### TASK STATEMENT
Could you retype, exactly and with no pictures, only the lines from the first line of the records below through the line that contains "Used 2024 Dodge"?
------
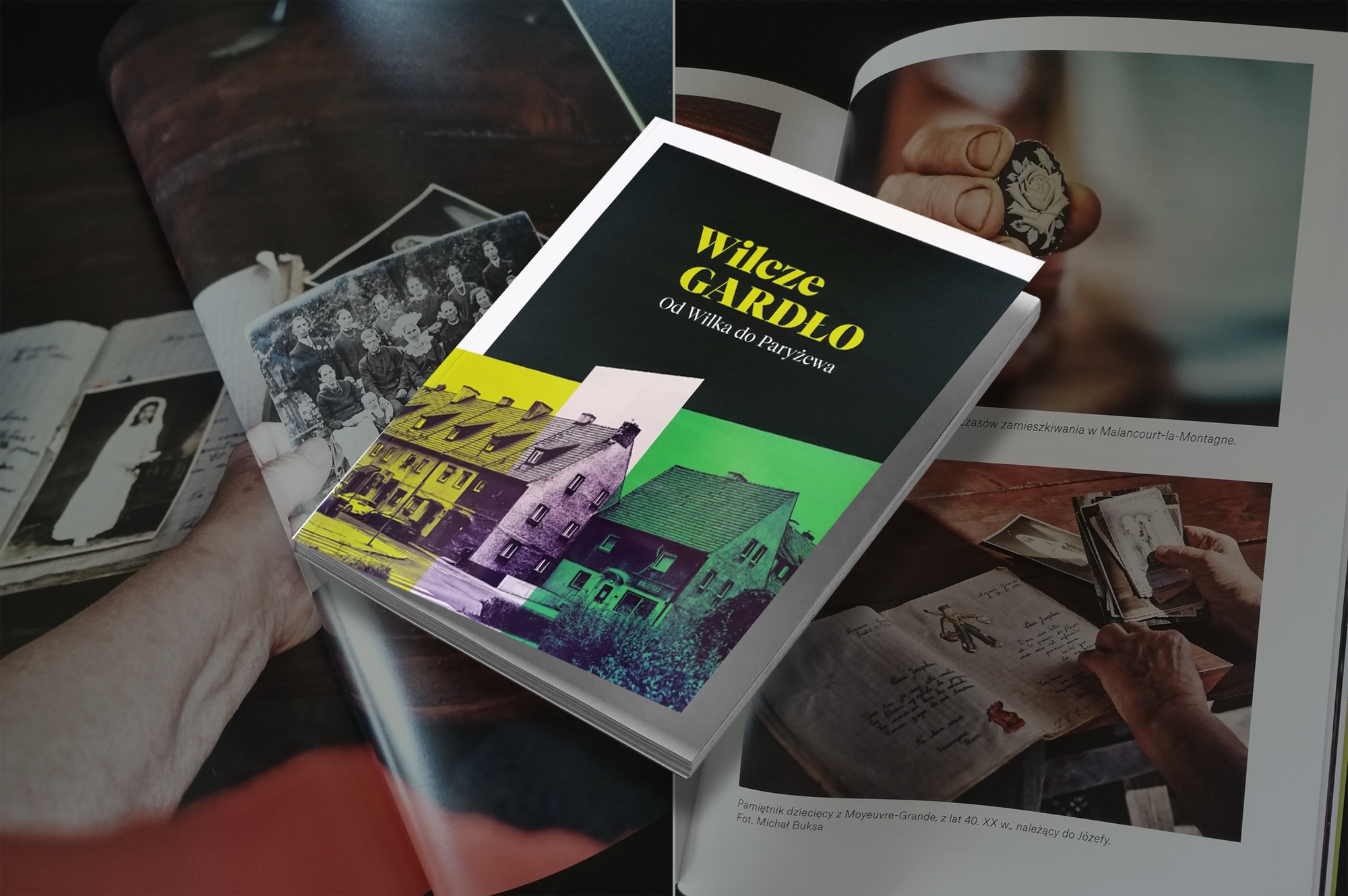 Zdjęcie okładki książki i rozłożonych stron wewnętrznych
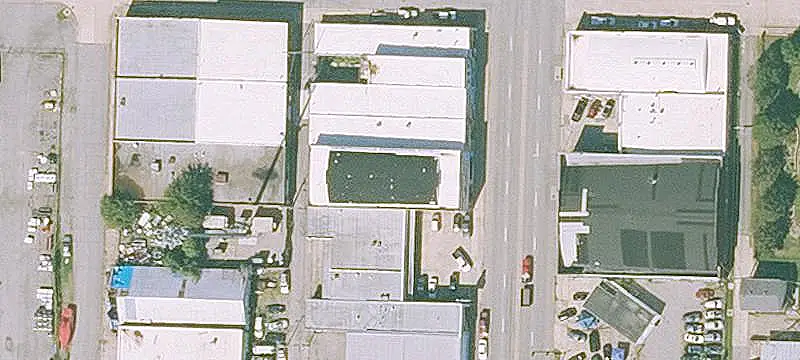 Warehouse with Rear Bay Door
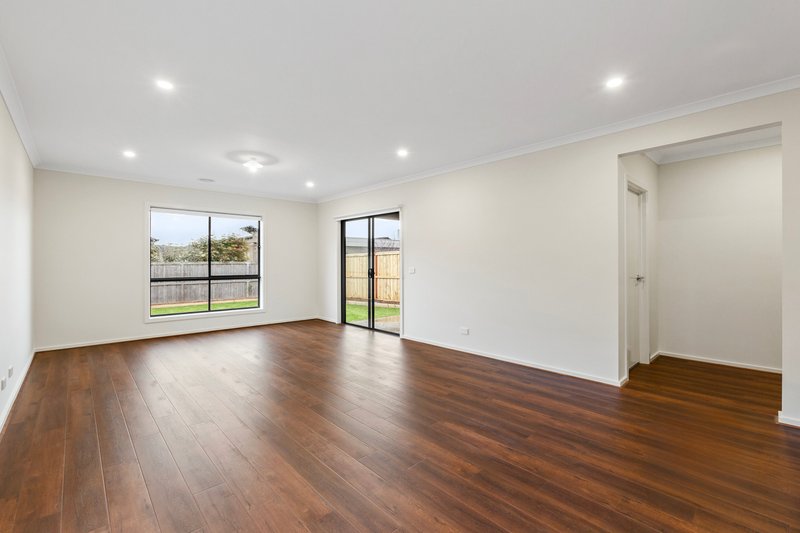 Photo - 29 Oasis Drive, Mount Duneed VIC 3217 - Image 6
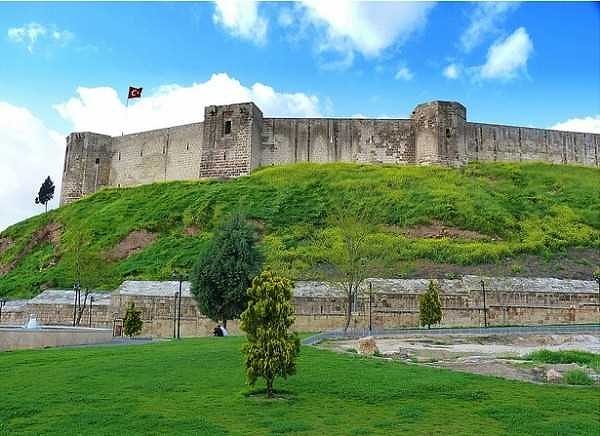 Antik Roma döneminde de gözlem amaçlı kullanılan kale tarih boyunca pek çok kez restore edilmişti. En son 2000'li yılların başında kalede restorasyon yapılmıştı.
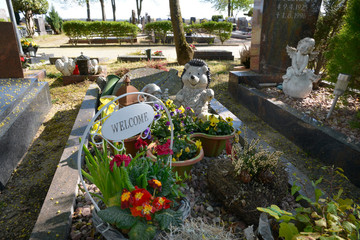 friedhof,  lustige grabdekoration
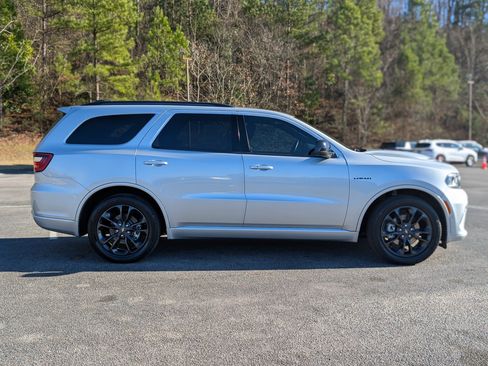 Used 2024 Dodge Durango R/T w/ Blacktop Package image 10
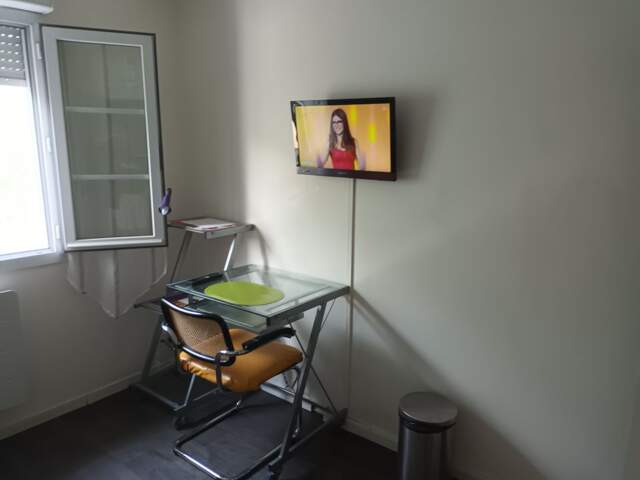 Chambre de 10m2 à louer sur Écouflant — photo du bien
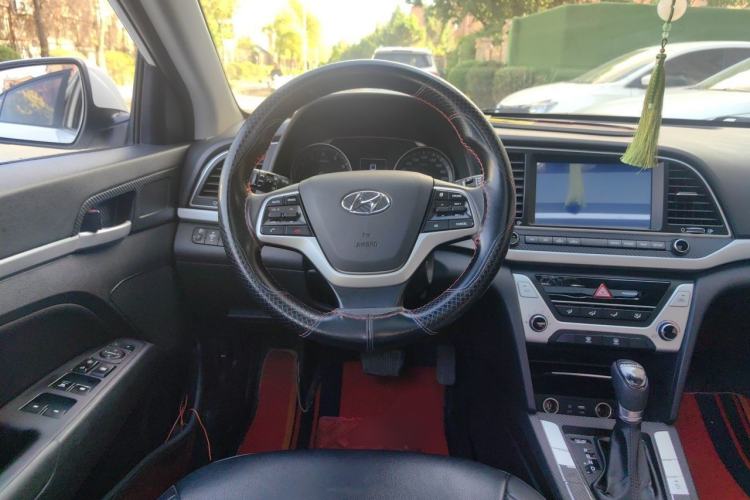Used Hyundai Elantra (6th Generation / Lingdong) 2016 1.6L Automatic ZhiXuan – Elite Version Steering Wheel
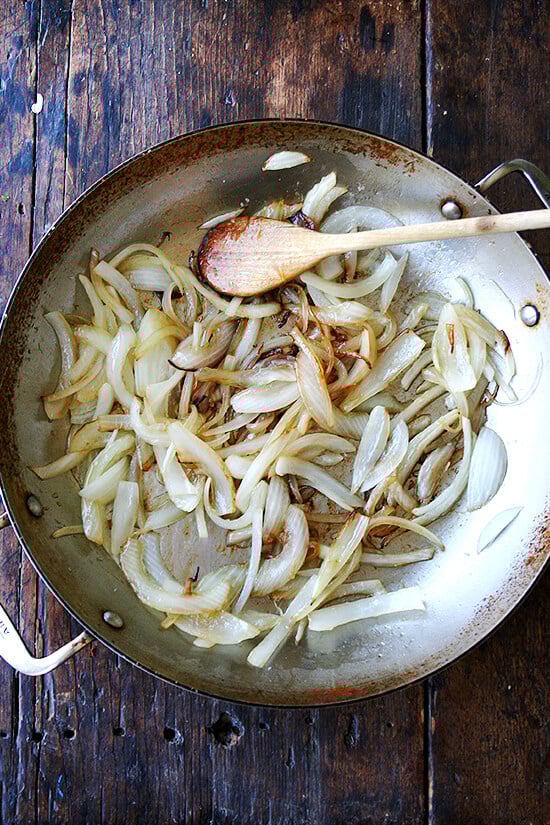 一个熟练的sautéed洋葱。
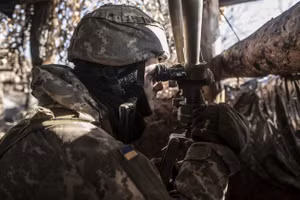Một quân nhân Ukraine ở Svetlodarsk, Vùng Donetsk. (Ảnh: Manu Brabo / Getty Images).
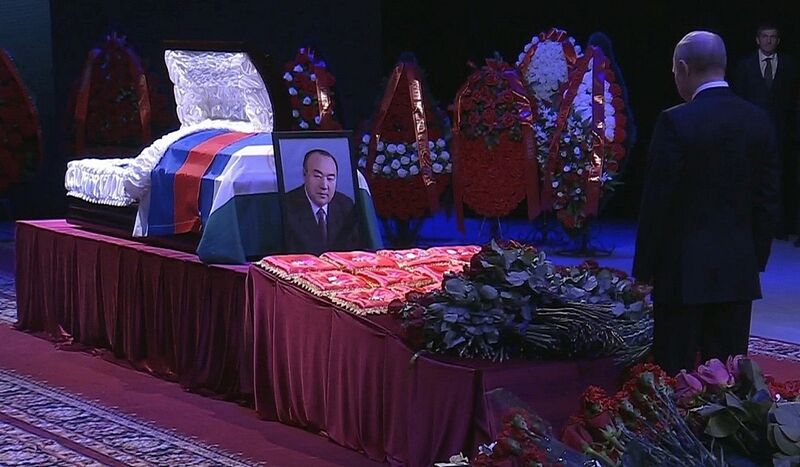 Владимир Путин в Уфе предложил увековечить имя Муртазы Рахимова, поблагодарил за работу Радия Хабирова и всех жителей Башкирии, пообещал поддержать ряд важных для Башкирии проектов, в их числе — строительство нового здания госпиталя ветеранов войн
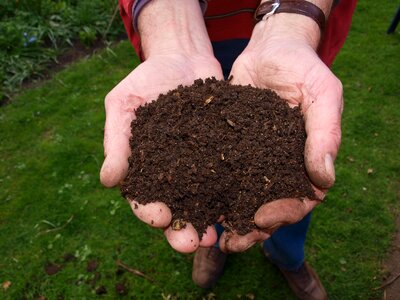 Compost hand man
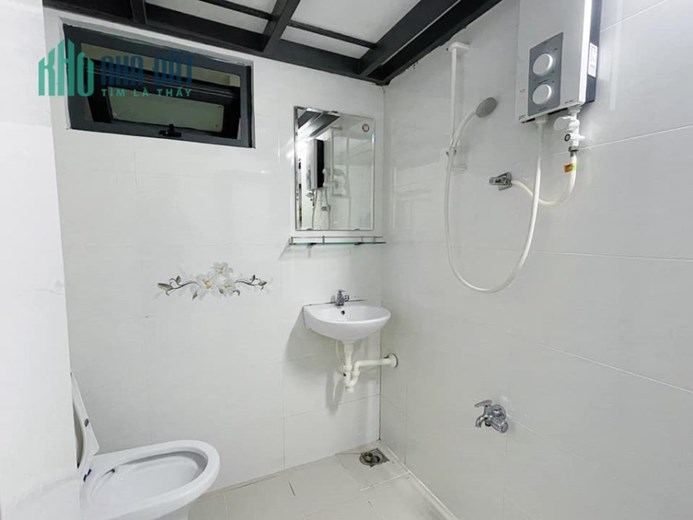 Phòng trọ đầy đủ nội thất, ở ngay trên đường Bạch Đằng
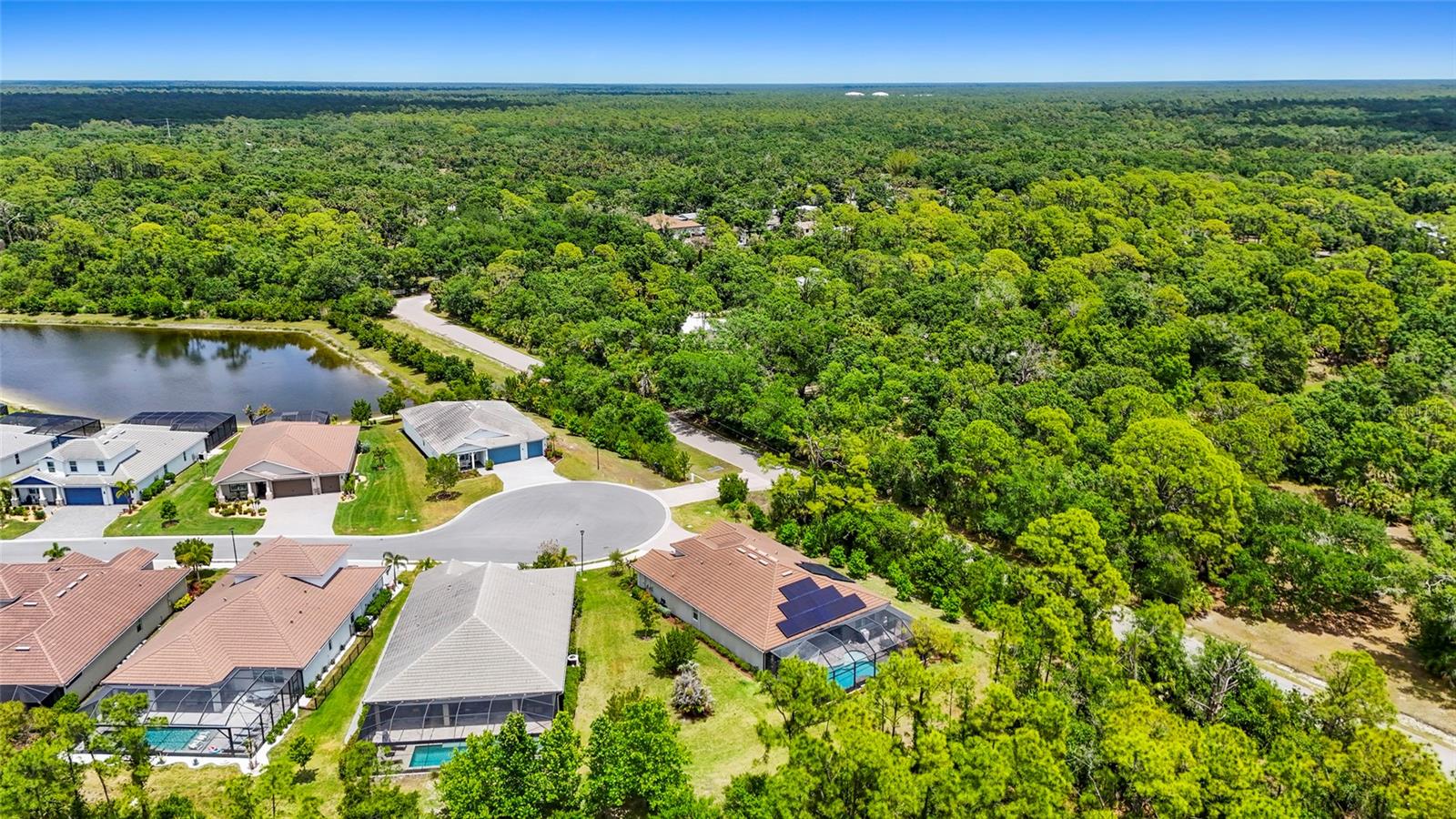 VENICE WOODLANDS - Residential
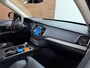Volvo XC90 2.0 T8 Plug-in AWD Ultra Dark | Massage | Luchtvering | 22Inch | 7-Pers. | Pano |360°|H & K |Head-Up|Elektr Trekhaak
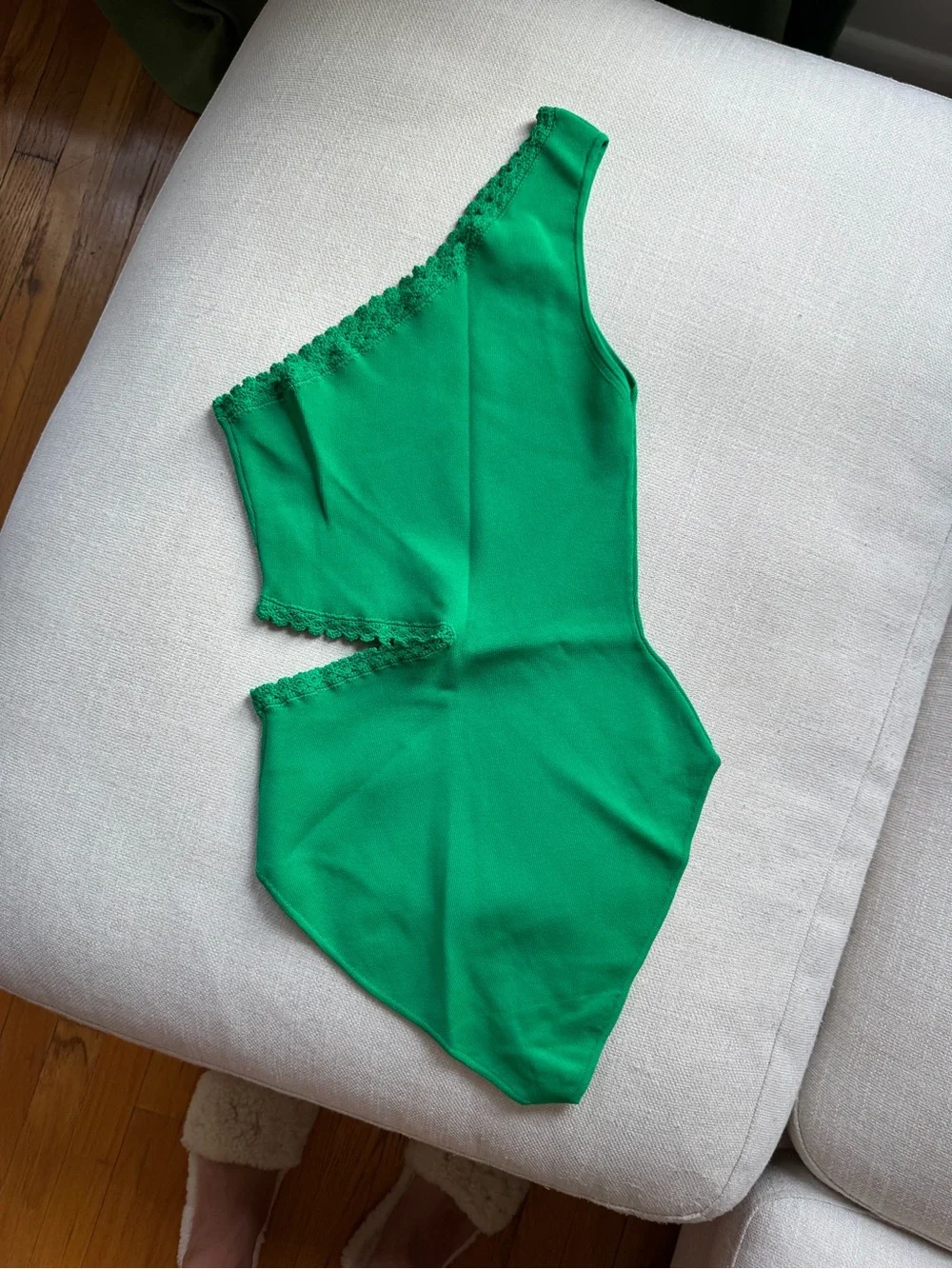 Women’s One-Shoulder Cutout bodysuit - Green
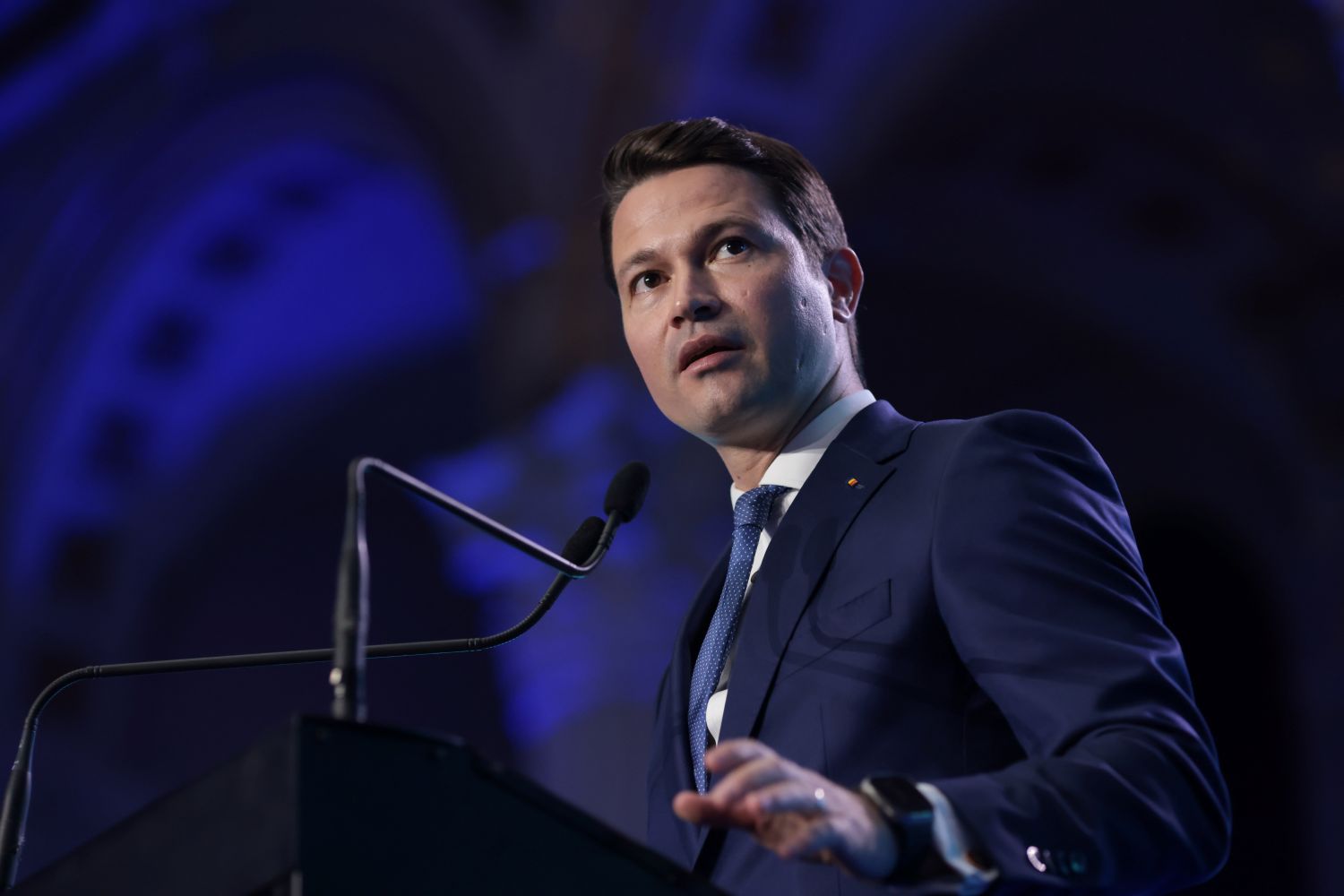Robert Sighiartău de la PNL: AUR ar trebui să intre la guvernare pentru a demonstra necompetența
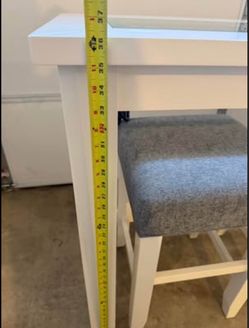 White Wooden Bar Sofa Table with Gray Upholstered Stools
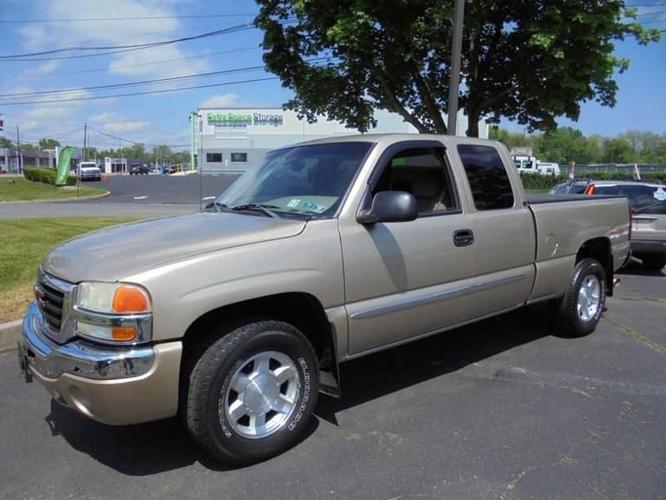 2004 gmc sierra 1500 extended cab work truck pickup 4d 8 ft in trenton, new jersey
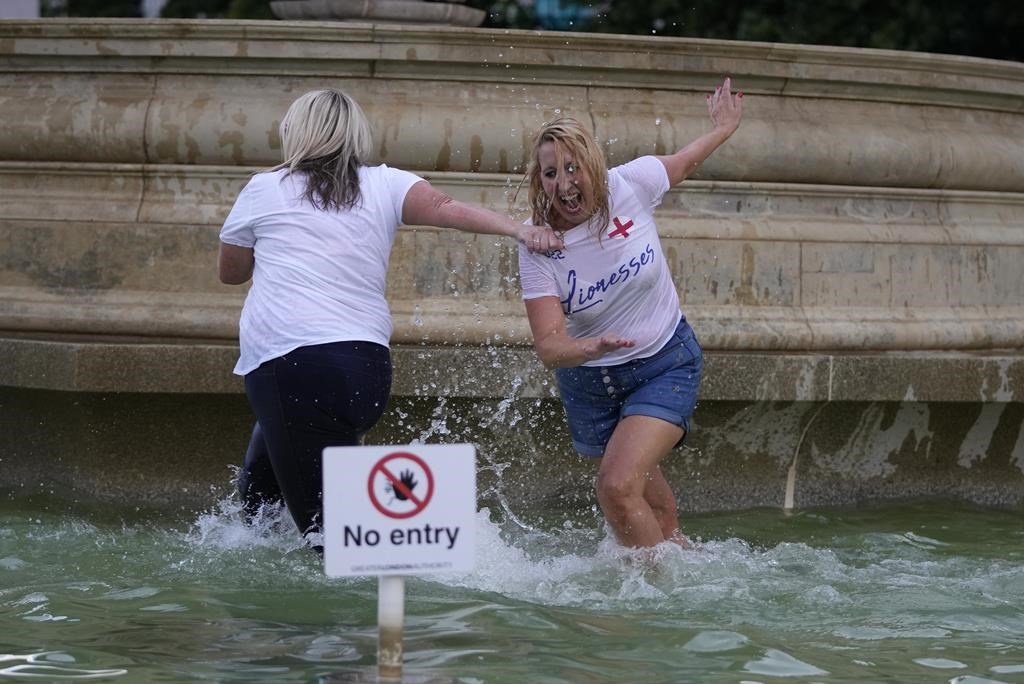 Les Anglais en liesse après le sacre des Lionnes à l'Euro contre l'Allemagne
------
### TASK OUTPUT
 Zdjęcie okładki książki i rozłożonych stron wewnętrznych
 Warehouse with Rear Bay Door
 Photo - 29 Oasis Drive, Mount Duneed VIC 3217 - Image 6
 Antik Roma döneminde de gözlem amaçlı kullanılan kale tarih boyunca pek çok kez restore edilmişti. En son 2000'li yılların başında kalede restorasyon yapılmıştı.
 friedhof,  lustige grabdekoration
 Used 2024 Dodge Durango R/T w/ Blacktop Package image 10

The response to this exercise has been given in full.